Segment Open
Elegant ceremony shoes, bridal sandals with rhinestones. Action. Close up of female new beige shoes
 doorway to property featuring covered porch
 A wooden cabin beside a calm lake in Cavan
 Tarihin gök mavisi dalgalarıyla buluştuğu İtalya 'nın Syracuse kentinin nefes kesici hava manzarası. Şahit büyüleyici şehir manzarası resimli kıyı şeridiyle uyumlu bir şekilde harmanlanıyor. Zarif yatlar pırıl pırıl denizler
Segment Closed
• [Action item] Set down the entire material again, exactly as it stands.

• [Response below]
Elegant ceremony shoes, bridal sandals with rhinestones. Action. Close up of female new beige shoes
 doorway to property featuring covered porch
 A wooden cabin beside a calm lake in Cavan
 Tarihin gök mavisi dalgalarıyla buluştuğu İtalya 'nın Syracuse kentinin nefes kesici hava manzarası. Şahit büyüleyici şehir manzarası resimli kıyı şeridiyle uyumlu bir şekilde harmanlanıyor. Zarif yatlar pırıl pırıl denizler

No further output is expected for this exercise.